When we finished the project, Erin presented Color The Temple a few times to prove that the tool provided an enhanced way to present to a broader audience. Guests included illustrious people like Philippe de Montebello, the former director of the Met for over thirty years, current Director Thomas Campbell, and Associate Director Carrie Rebora Barratt.

We presented Color The Temple to the public for the first time during Teens Take the Met on October 16, 2015, followed by presentations to a large crowd during the Apollo Circle Supper Club and other private events. The project was well received by the public, which confirmed that there's an interest in learning from innovative, interactive experiences like projection mapping.

What's Next

Through rigorous research, prototyping, discussion, and iteration, we have managed to cast new light on the Temple by presenting it in a fashion much closer to its original form for the first time in many millennia. Using relatively recent advances in software, we were able to experiment with restoration using nondestructive means (projected light rather than a material like paint) to temporarily display content without presenting any challenges for conservation.

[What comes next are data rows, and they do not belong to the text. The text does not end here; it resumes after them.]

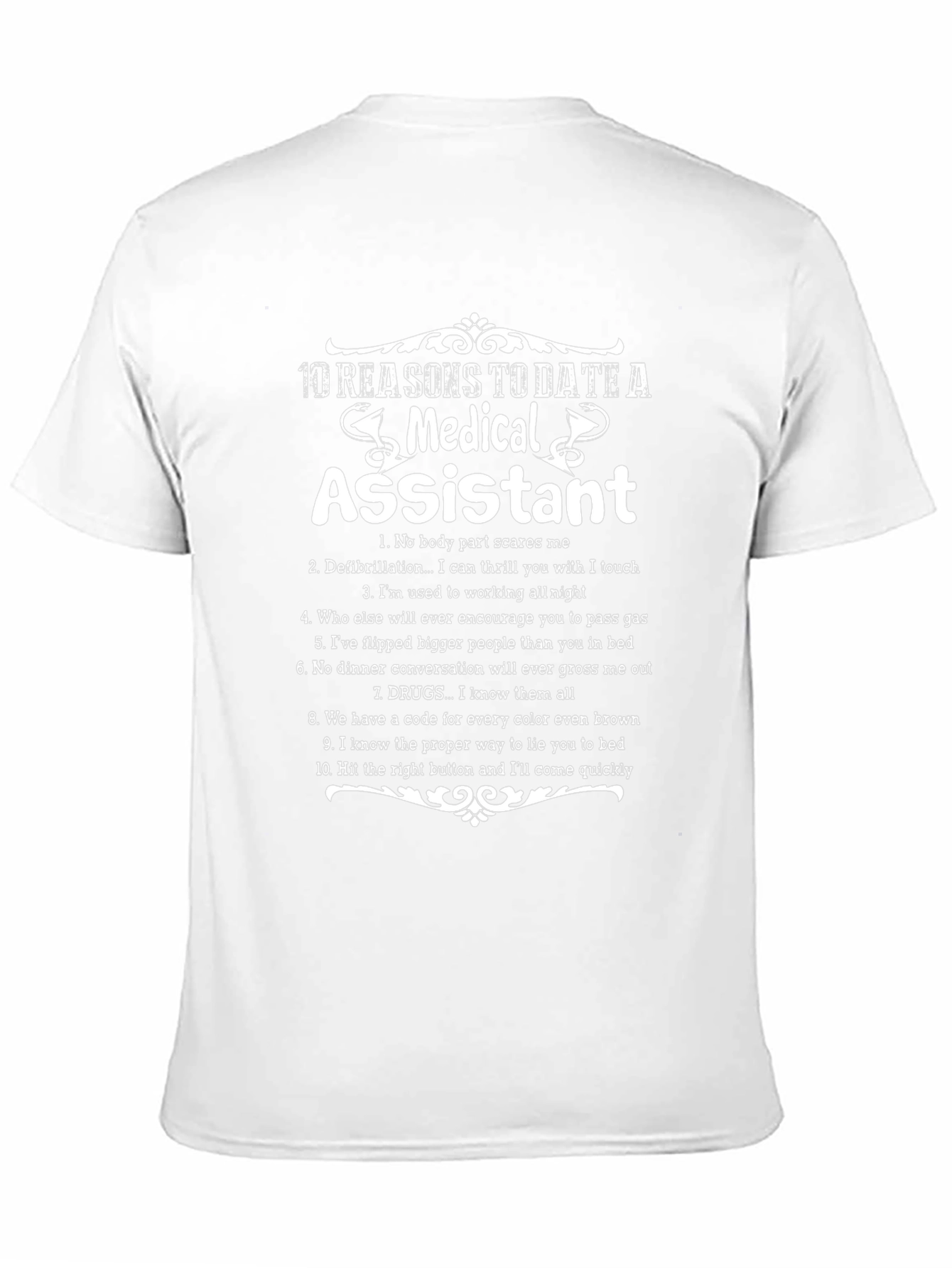 Medical Assistant Reasons To Date T-Shirt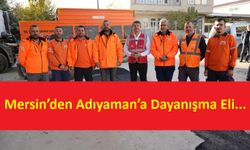 Adıyaman’ın Yol Yapım, Bakım ve Onarımına Mersin Desteği!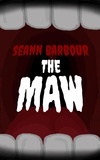  Seann Barbour - The Maw.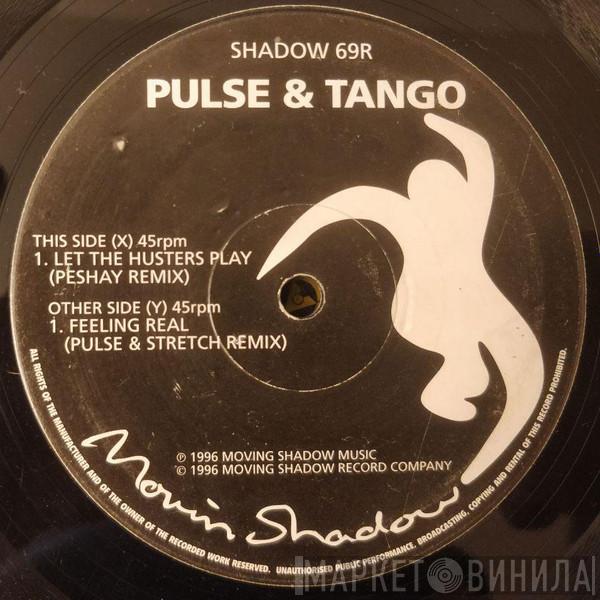 DJ Pulse, Tango - Let The Hustlers Play (Peshay Remix) / Feeling Real (Pulse & Stretch Remix)
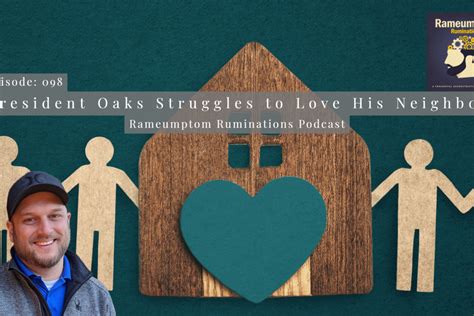 Rameumptom Ruminations 098 President Oaks Struggles To Love His Neighbor Mormon Discussions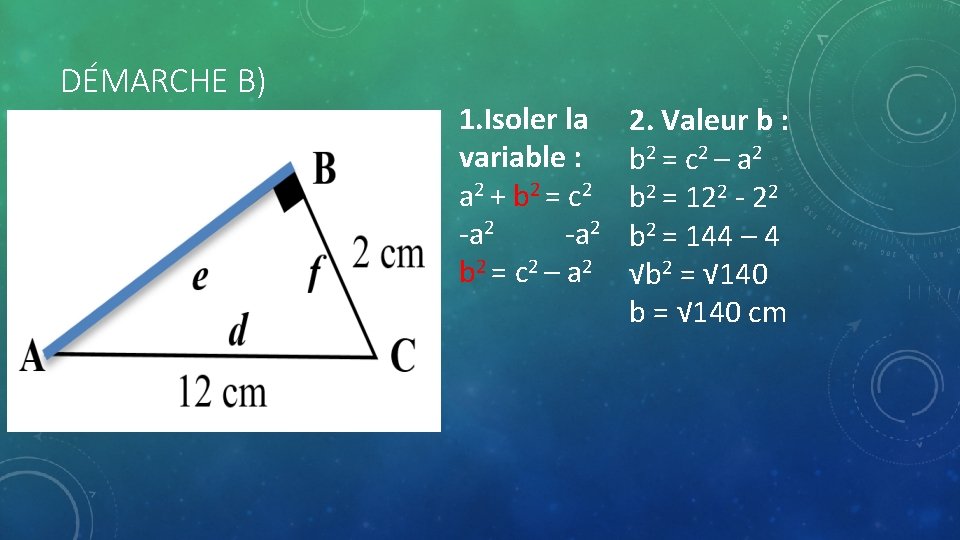 DÉMARCHE B) 1. Isoler la variable : a 2 + b 2 = c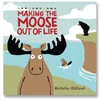 KNYGA Nicholas Oldland MAKING THE MOOSE OUT OF LIFE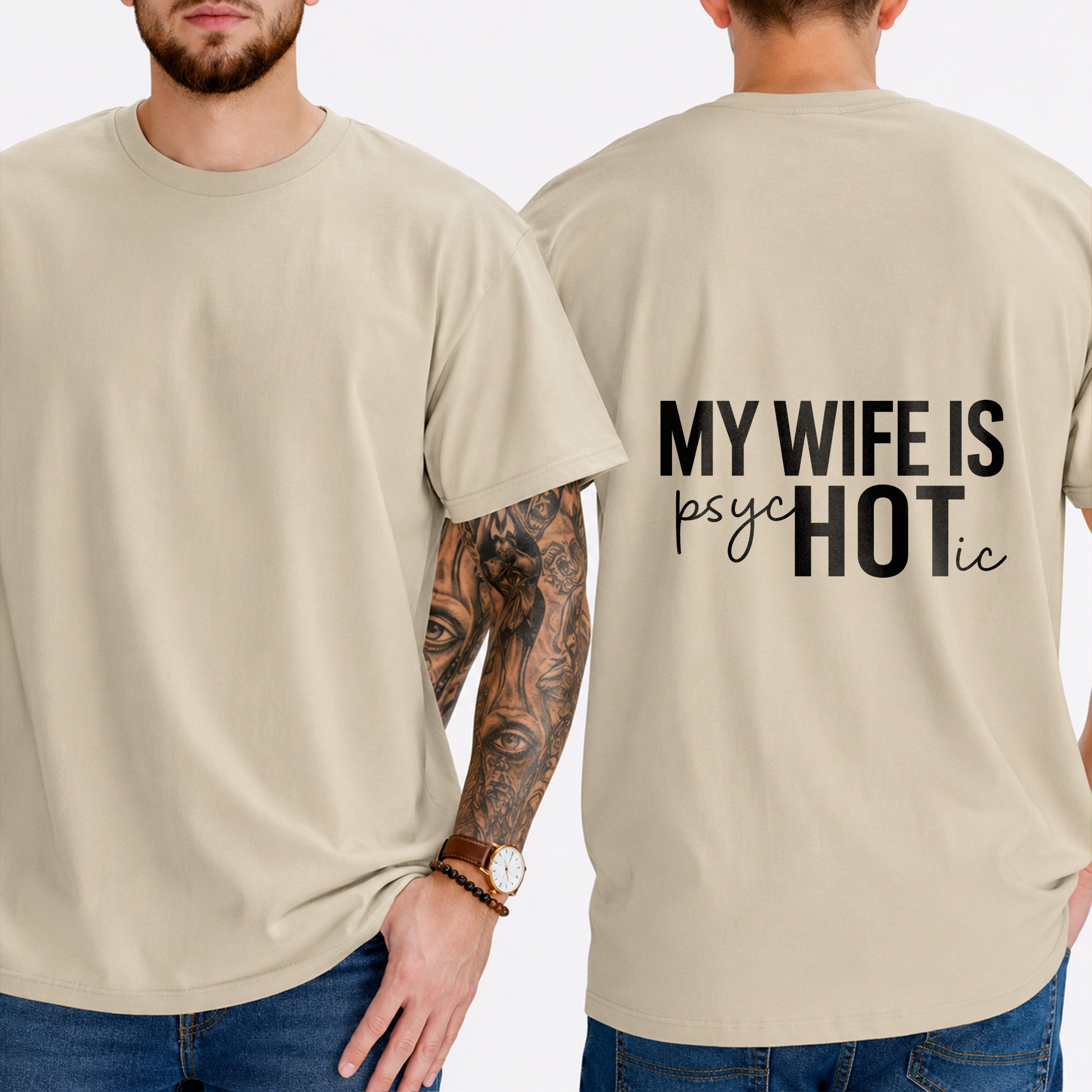 "My Wife Is Psychotic" T-Shirt
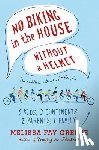 Greene, Melissa Fay - No Biking in the House Without a Helmet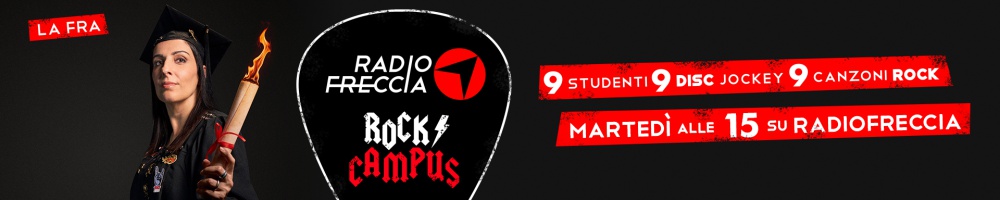 RADIOFRECCIA ROCK CAMPUS - 7- LANCIO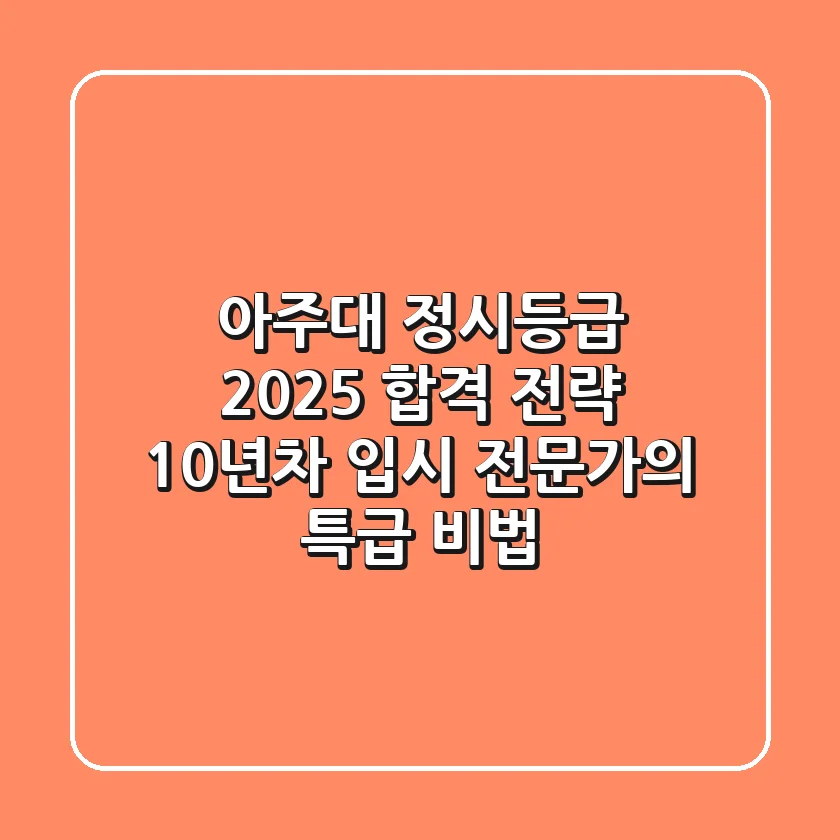 아주대 정시등급, 2025 합격 전략: 10년차 입시 전문가의 특급 비법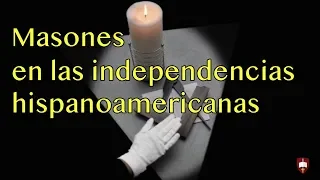 Masones en las independencias hispanoamericanas. Alberto Bárcena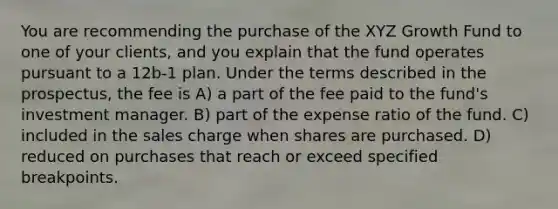 You are recommending the purchase of the XYZ Growth Fund to one of your clients, and you explain that the fund operates pursuant to a 12b-1 plan. Under the terms described in the prospectus, the fee is A) a part of the fee paid to the fund's investment manager. B) part of the expense ratio of the fund. C) included in the sales charge when shares are purchased. D) reduced on purchases that reach or exceed specified breakpoints.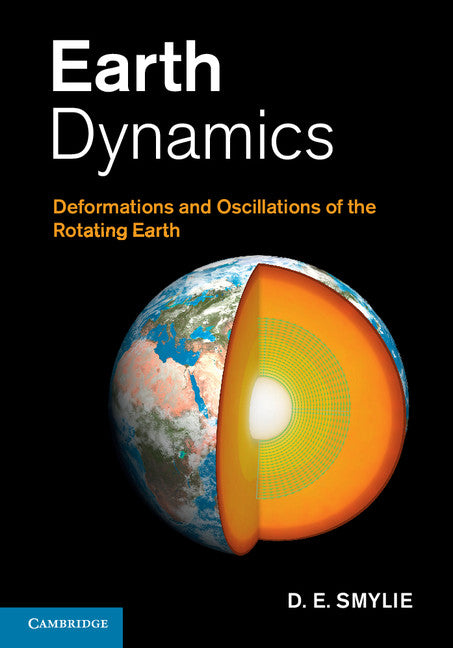 Earth Dynamics; Deformations and Oscillations of the Rotating Earth (Hardback) 9780521875035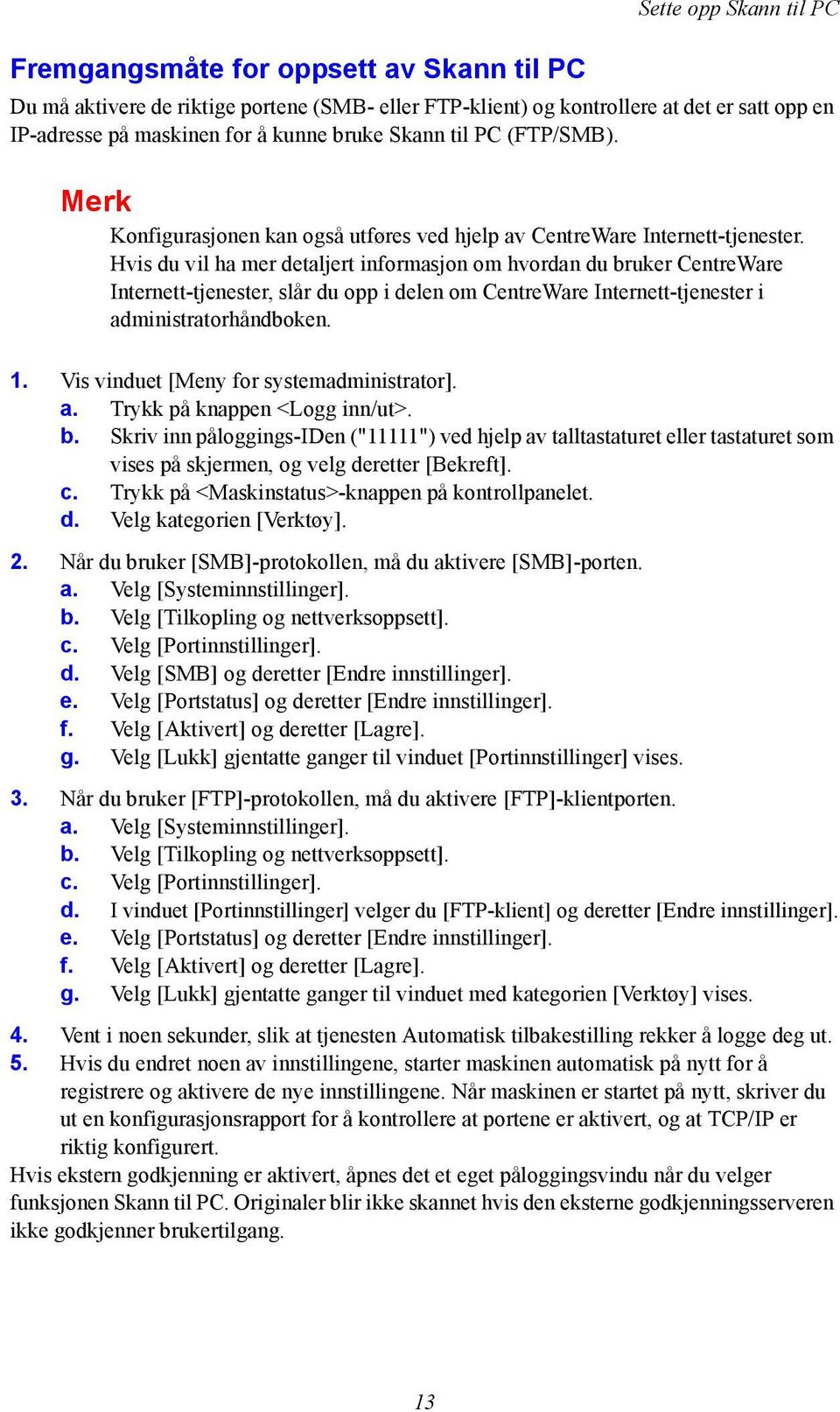 Hvis du vil ha mer detaljert informasjon om hvordan du bruker CentreWare Internett-tjenester, slår du opp i delen om CentreWare Internett-tjenester i administratorhåndboken. 1.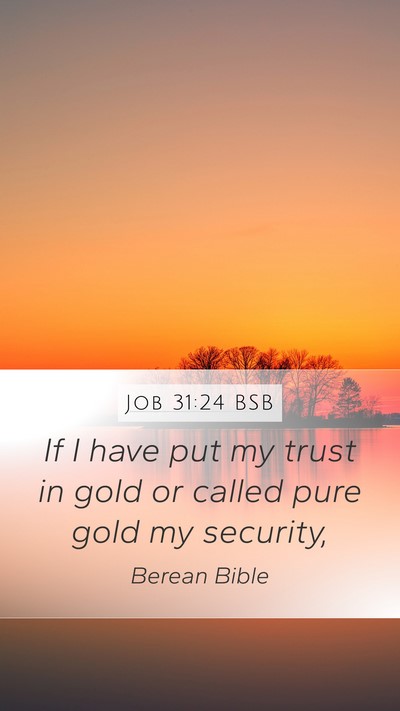 Job 31:24 BSB Bible Verse Image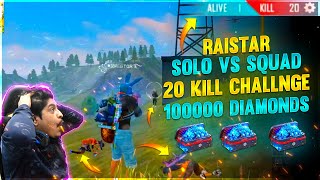 Raistar 20 Kills World Best Solo Vs Squad  100000 Diamond Challenge  Garena Free Fire [upl. by Airahs325]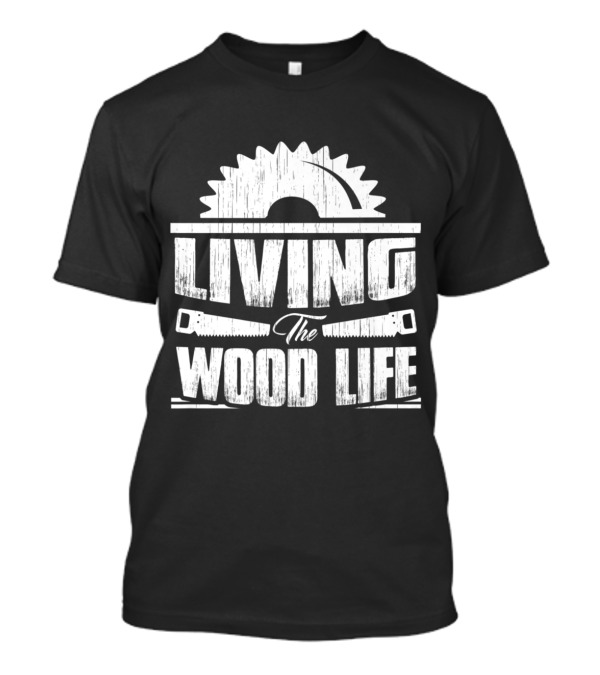 Woodworking Humor Embracing The Wood Life With Saw Blade And Tools T-Shirt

It is our hope that this project will serve as the starting point for future discussion and work. There are several possibilities for future research—including expanding the projection area to include additional scenes beyond the one selected for our project, providing additional pedagogical layers to the existing content, and creating opportunities to present the work to broader audiences.

Teaching Museum visitors about The Temple of Dendur through projected light and animations opened up new avenues of inquiry, brought about new ways of thinking, and made us look for answers outside of traditional research methods. This project has been an engaging, collaborative experience, bringing together expertise in technology and academic scholarship in a way only possible in the MediaLab.